The seizure on the 5th was her 5th. Every time she has one, they up her dosage, and she goes longer without an episode. But she has to be completely seizure free for two years before they ween her. I’m beginning to doubt that Keppra will be effective in the long term, so we’re going to discuss some other options with our doctor next month during her appointment. I’ve been stressing about it every day because there just isn’t an easy answer, and there’s no guarantee that any of them will completely eliminate the seizures as it did for me. She could have to take meds her whole life to suppress them . . . and I really don’t want to think about that. Maintaining hope that this is just the same childhood epilepsy that many kids have and grow out of gets harder every time she has an episode, though.
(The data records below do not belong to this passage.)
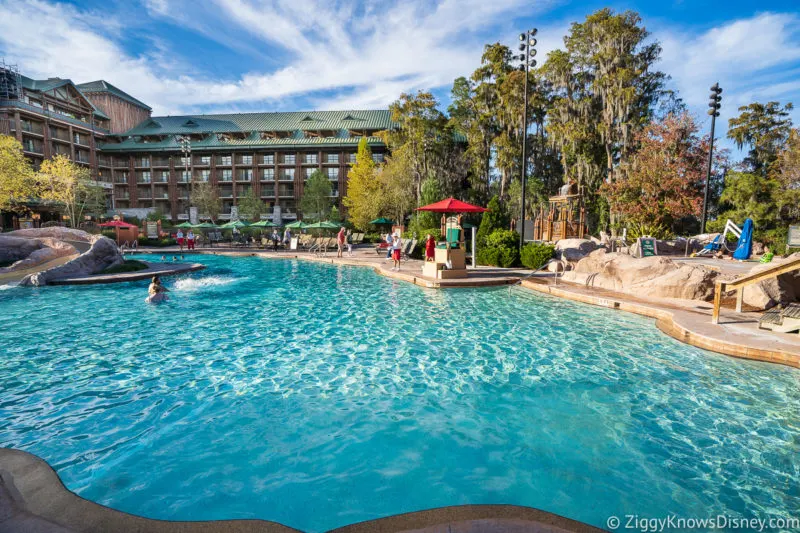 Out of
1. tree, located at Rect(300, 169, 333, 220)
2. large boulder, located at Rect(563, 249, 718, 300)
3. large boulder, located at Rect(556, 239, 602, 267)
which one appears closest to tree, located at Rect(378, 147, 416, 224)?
tree, located at Rect(300, 169, 333, 220)

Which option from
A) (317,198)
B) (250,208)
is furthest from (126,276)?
(250,208)

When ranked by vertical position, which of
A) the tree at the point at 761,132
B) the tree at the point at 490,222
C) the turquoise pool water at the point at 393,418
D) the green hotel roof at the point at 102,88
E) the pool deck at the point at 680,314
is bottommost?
the turquoise pool water at the point at 393,418

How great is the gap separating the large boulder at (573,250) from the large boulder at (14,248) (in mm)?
20941

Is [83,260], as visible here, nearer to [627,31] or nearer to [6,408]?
[6,408]

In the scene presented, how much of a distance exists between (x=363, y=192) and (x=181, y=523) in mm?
37479

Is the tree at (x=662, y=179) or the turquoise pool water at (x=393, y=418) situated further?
the tree at (x=662, y=179)

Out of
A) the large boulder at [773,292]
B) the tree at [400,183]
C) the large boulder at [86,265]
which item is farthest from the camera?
the tree at [400,183]

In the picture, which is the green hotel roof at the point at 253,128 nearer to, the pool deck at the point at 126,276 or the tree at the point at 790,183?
the pool deck at the point at 126,276

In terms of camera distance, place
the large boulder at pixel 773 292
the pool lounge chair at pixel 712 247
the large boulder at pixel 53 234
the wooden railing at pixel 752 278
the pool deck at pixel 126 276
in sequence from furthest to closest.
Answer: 1. the pool lounge chair at pixel 712 247
2. the large boulder at pixel 53 234
3. the pool deck at pixel 126 276
4. the large boulder at pixel 773 292
5. the wooden railing at pixel 752 278

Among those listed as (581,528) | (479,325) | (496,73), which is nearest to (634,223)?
(496,73)

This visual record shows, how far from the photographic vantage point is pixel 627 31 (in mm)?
26969

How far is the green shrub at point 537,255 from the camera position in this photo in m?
15.8

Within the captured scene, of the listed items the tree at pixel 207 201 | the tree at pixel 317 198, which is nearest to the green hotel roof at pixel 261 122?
the tree at pixel 317 198

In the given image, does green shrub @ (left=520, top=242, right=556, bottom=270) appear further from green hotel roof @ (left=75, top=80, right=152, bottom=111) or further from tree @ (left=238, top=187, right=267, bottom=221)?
green hotel roof @ (left=75, top=80, right=152, bottom=111) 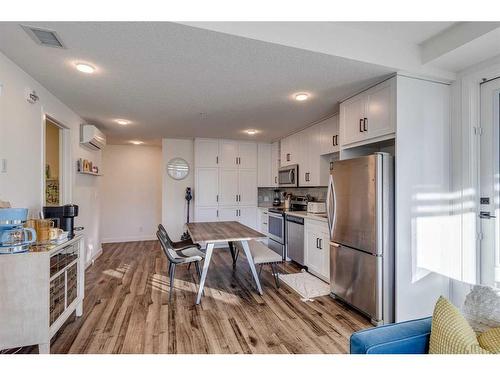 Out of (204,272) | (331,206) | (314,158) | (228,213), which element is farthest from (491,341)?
(228,213)

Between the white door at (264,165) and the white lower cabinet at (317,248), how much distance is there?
7.01ft

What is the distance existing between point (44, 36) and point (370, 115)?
2804 mm

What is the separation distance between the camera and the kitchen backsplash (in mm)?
4595

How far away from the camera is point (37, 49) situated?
1.96m

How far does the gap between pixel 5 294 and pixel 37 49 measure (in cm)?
178

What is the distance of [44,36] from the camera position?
5.87ft

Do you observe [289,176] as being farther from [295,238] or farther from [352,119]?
[352,119]

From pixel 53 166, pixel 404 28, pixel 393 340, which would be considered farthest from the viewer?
pixel 53 166

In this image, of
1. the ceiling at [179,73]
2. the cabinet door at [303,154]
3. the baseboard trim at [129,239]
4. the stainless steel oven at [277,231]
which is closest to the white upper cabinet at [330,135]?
the ceiling at [179,73]

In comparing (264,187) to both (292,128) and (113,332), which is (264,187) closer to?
(292,128)

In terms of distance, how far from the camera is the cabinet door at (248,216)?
5621 millimetres

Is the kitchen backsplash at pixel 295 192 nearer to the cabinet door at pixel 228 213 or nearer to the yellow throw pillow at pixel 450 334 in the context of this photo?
the cabinet door at pixel 228 213

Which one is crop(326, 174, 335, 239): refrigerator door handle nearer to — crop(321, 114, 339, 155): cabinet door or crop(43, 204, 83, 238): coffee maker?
crop(321, 114, 339, 155): cabinet door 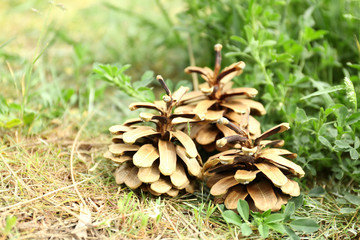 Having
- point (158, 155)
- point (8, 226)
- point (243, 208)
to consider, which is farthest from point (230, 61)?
point (8, 226)

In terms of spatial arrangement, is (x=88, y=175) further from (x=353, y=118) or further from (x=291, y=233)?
(x=353, y=118)

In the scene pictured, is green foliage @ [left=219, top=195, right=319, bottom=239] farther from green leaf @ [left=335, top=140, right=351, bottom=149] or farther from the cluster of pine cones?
green leaf @ [left=335, top=140, right=351, bottom=149]

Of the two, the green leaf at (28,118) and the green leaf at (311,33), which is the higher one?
the green leaf at (311,33)

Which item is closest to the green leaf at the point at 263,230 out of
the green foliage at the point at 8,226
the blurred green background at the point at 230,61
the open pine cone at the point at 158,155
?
the open pine cone at the point at 158,155

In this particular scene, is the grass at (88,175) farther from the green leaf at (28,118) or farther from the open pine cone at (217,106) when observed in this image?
the open pine cone at (217,106)

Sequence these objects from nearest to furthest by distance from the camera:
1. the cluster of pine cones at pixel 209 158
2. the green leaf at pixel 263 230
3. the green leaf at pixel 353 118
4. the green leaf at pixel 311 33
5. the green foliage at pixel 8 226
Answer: the green foliage at pixel 8 226 < the green leaf at pixel 263 230 < the cluster of pine cones at pixel 209 158 < the green leaf at pixel 353 118 < the green leaf at pixel 311 33

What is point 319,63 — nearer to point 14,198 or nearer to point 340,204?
point 340,204

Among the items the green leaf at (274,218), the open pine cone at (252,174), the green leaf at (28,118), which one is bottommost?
the green leaf at (274,218)

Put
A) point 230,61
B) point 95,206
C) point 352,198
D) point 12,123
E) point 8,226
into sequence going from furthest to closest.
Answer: point 230,61
point 12,123
point 352,198
point 95,206
point 8,226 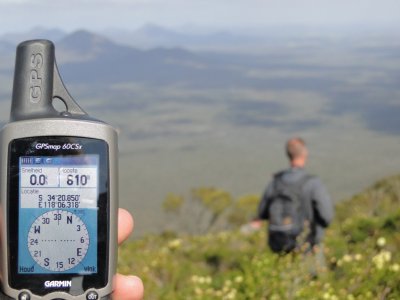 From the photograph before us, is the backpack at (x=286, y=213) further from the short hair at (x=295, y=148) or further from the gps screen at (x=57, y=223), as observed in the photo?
the gps screen at (x=57, y=223)

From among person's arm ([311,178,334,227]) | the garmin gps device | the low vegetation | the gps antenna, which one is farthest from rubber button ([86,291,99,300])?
person's arm ([311,178,334,227])

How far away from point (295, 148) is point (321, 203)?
1.80 ft

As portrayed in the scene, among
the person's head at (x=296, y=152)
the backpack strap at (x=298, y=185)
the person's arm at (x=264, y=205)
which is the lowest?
the person's arm at (x=264, y=205)

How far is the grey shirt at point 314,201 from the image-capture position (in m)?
6.44

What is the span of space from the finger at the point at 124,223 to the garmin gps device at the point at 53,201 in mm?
39

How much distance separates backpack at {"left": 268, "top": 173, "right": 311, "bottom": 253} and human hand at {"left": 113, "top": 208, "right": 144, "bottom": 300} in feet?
12.8

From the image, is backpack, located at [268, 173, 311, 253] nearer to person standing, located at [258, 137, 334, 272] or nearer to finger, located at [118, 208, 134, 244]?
person standing, located at [258, 137, 334, 272]

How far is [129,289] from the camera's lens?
8.42 ft

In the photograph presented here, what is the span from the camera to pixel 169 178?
4345 inches

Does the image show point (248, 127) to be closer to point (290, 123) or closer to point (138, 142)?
point (290, 123)

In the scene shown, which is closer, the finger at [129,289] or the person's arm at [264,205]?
the finger at [129,289]

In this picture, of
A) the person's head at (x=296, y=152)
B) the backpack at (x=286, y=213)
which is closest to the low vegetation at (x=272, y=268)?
the backpack at (x=286, y=213)

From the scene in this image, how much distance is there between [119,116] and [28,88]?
160 m

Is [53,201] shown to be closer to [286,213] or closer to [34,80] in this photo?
[34,80] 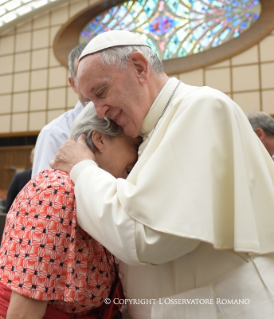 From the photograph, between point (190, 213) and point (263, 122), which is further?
point (263, 122)

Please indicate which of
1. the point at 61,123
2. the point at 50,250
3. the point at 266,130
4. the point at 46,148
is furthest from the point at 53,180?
the point at 266,130

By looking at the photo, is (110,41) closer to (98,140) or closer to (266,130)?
(98,140)

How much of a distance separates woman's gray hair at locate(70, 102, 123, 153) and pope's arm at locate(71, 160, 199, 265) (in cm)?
40

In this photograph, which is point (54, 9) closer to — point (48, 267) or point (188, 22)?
point (188, 22)

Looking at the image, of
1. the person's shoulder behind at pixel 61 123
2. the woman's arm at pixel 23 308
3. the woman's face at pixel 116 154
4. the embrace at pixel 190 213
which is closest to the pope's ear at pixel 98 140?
the woman's face at pixel 116 154

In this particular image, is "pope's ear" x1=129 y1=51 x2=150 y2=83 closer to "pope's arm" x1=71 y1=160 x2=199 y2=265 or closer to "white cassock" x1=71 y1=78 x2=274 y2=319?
"white cassock" x1=71 y1=78 x2=274 y2=319

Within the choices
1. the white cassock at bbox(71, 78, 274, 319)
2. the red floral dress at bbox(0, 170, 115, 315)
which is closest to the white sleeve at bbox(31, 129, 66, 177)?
the red floral dress at bbox(0, 170, 115, 315)

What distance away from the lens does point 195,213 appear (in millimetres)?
1184

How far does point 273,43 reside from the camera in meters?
7.37

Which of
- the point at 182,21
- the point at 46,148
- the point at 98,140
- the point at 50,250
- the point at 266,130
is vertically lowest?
the point at 182,21

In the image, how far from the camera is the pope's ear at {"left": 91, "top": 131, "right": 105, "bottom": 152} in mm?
1701

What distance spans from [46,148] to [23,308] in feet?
4.56

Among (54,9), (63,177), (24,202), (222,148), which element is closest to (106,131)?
(63,177)

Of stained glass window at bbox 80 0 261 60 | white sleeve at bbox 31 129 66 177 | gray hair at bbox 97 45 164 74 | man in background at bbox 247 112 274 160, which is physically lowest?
stained glass window at bbox 80 0 261 60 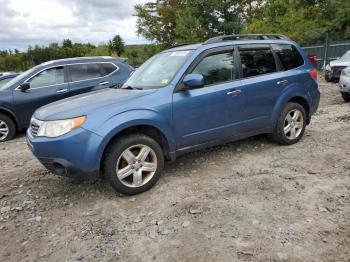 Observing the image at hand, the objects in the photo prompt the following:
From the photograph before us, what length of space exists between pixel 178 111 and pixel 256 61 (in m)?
1.72

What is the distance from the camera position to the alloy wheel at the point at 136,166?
4.19 metres

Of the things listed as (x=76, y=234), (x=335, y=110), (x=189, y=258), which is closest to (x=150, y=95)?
(x=76, y=234)

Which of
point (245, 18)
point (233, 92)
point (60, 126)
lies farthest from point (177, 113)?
point (245, 18)

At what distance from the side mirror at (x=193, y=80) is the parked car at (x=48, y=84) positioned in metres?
4.22

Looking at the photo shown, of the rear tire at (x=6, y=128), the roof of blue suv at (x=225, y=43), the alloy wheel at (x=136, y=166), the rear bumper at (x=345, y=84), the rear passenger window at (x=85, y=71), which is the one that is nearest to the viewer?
the alloy wheel at (x=136, y=166)

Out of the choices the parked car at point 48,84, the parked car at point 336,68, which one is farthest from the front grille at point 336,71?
the parked car at point 48,84

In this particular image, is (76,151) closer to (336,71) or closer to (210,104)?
(210,104)

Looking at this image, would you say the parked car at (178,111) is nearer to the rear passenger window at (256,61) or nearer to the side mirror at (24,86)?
the rear passenger window at (256,61)

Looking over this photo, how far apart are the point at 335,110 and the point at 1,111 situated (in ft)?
26.0

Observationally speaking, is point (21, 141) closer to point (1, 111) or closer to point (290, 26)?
point (1, 111)

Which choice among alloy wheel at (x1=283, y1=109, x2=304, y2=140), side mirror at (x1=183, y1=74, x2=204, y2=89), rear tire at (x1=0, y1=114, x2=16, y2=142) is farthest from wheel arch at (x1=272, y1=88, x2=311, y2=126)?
rear tire at (x1=0, y1=114, x2=16, y2=142)

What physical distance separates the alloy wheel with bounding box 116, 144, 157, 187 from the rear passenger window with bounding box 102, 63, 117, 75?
5.25 m

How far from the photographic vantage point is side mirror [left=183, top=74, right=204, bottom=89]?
4.45m

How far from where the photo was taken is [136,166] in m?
4.27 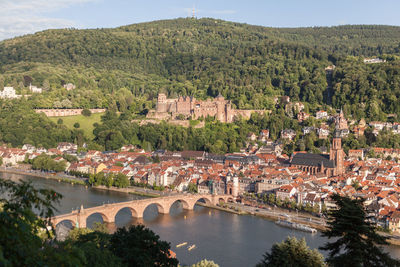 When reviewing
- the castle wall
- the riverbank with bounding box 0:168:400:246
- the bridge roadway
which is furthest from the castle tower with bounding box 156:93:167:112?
the bridge roadway

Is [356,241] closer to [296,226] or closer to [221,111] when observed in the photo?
[296,226]

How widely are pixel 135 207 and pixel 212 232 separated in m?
5.38

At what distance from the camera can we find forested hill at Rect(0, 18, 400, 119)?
6344cm

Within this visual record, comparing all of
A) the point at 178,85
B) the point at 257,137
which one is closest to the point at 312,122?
the point at 257,137

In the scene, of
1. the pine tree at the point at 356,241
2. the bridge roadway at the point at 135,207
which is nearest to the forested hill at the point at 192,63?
the bridge roadway at the point at 135,207

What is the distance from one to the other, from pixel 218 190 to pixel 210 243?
1284cm

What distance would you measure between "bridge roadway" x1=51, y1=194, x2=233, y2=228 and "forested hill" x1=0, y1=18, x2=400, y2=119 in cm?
2875

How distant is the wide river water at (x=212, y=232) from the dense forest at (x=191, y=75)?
19147 mm

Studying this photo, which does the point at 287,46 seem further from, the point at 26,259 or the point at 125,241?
the point at 26,259

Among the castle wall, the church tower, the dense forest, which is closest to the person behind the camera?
the church tower

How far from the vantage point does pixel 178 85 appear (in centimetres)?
7500

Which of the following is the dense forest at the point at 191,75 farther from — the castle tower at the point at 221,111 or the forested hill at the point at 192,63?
the castle tower at the point at 221,111

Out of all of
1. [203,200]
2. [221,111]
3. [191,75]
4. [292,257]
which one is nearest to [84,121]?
[221,111]

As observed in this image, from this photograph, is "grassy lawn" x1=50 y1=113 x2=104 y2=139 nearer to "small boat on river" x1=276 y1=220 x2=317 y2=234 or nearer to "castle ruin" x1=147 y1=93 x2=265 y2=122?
"castle ruin" x1=147 y1=93 x2=265 y2=122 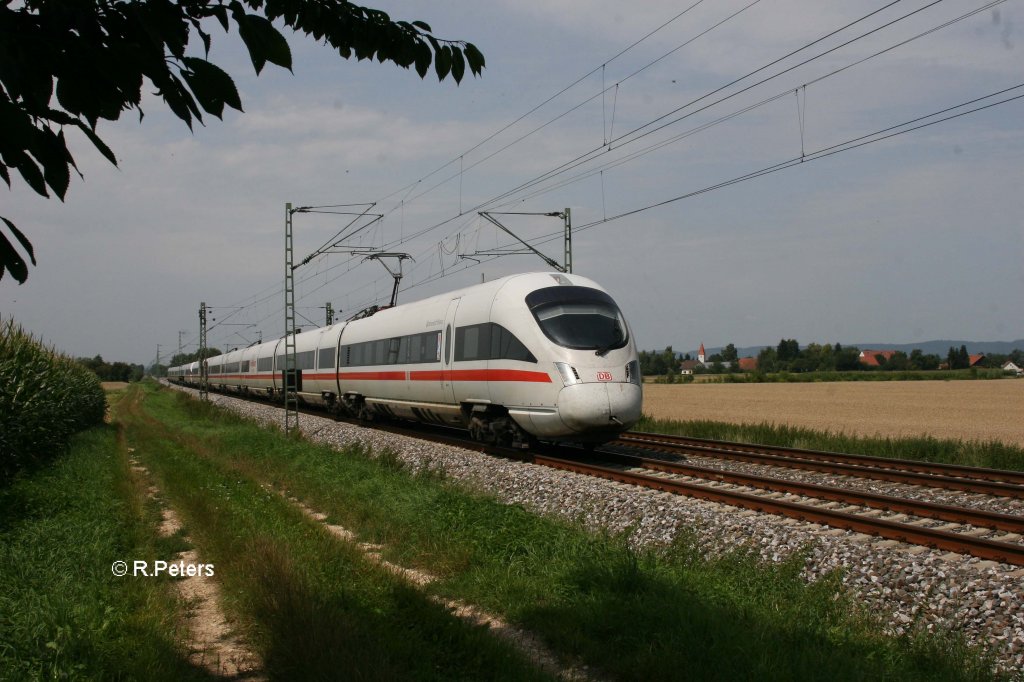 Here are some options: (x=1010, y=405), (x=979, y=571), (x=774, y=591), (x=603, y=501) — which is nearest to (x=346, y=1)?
(x=774, y=591)

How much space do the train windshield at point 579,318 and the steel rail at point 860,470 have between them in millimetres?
3097

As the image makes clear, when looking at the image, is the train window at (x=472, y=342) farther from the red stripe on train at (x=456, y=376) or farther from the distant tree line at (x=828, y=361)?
the distant tree line at (x=828, y=361)

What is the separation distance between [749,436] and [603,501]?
32.9 feet

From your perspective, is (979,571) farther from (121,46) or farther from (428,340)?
(428,340)

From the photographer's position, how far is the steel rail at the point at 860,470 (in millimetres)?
11062

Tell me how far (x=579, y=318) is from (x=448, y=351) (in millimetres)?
4133

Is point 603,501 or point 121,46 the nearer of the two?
point 121,46

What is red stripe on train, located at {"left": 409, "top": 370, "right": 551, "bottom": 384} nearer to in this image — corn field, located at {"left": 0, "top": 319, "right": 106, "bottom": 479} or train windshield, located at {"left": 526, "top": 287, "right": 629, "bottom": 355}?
train windshield, located at {"left": 526, "top": 287, "right": 629, "bottom": 355}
Nearly 500 cases of epilepsy are diagnosed across all ages daily, as opposed to 136 cases of Parkinson’s. Yet, here are the bare facts:
As another friend of mine Southern, Geeky, Gamer Belle, stated, “One thing I learned from my seizures is that epilepsy is a silent disease. Because you are fine on the outside it is your brain that has the issue, few people are really willing to talk about it let alone truly support it.” That’s pretty much true, and it’s terrible. There’s been very little progress since I had seizures almost three decades ago. We’re no closer to understanding the exact causes, and we’re no closer to the cure. Awareness is low and understanding even worse. . . . Sad all the way around.